小豆拿着泛黄的纸张看了看:“三十六计,哟呵,就你那榆木脑袋,看得懂吗?”
“拿来吧!”崇武夺过小豆手里的书,被挤兑得够呛“我前一阵子不是还写过战书给你吗?你觉得我会吗?”
小豆看到李崇武拿的书,是倒着的,不尽捂嘴大笑:“呵呵呵呵,拜托,你那是战书,刚出生的娃都比你写得好。”
“刚出生的娃哪会写字,手都还是软的!”
“呸,人家画的地图那也比你这十几岁的人好看!”小豆看到崇武低着头生闷气,顿觉好笑,拿起他假装看的书道:“呵呵,你的眼睛是倒着长得吧,难怪喜欢的人都这么千奇百怪,惨绝人寰。”
“我喜欢你,你就是头着地,屁股长在上面的奇人!”
“你”小豆顿时语塞,指着趴着的李崇武不知如何解气。突然,他看到他嘚瑟的左摇右摇的烂屁股。
趴的“一声,“咕咕咕”崇武惨叫,久久回荡。
“哎哟喂,原来你是属鸡的,叫得真真好听。呵呵阿。”
“哎,我的确看不懂,只是,如果敌人是一个权力很大的人,我该如何是好,他的手下全都附庸与他,敌强我弱,悬殊厉害。”

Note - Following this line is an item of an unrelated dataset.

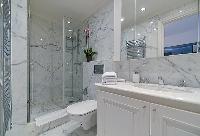 bathroom with marble lavatory, shower, and toilet in paris luxury apartment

“笨蛋!擒贼先擒王,懂吗你!”小豆拿着书扇着扇子,一时觉得不对劲“你可不会是为了救塞娜,要跟皇上作对吧?!”
“”
“李崇武,你这头蠢猪,别怪我没有提醒你,弑君可是要杀头的,到时候不只你,就连你们全家都难逃干系。”小豆跑到床头,指着崇武的鼻子,认真说道。
崇武拉着小豆的指头,小豆想抽,却不想,李崇武力气极大,居然,居然将她的脸,凑到了他的脸上。
鼻尖对着鼻尖,冰凉的鼻头上,传递这电流一样的马苏快感。两人大眼瞪小眼,显然都没料到这样的结果,差点成为斗鸡眼。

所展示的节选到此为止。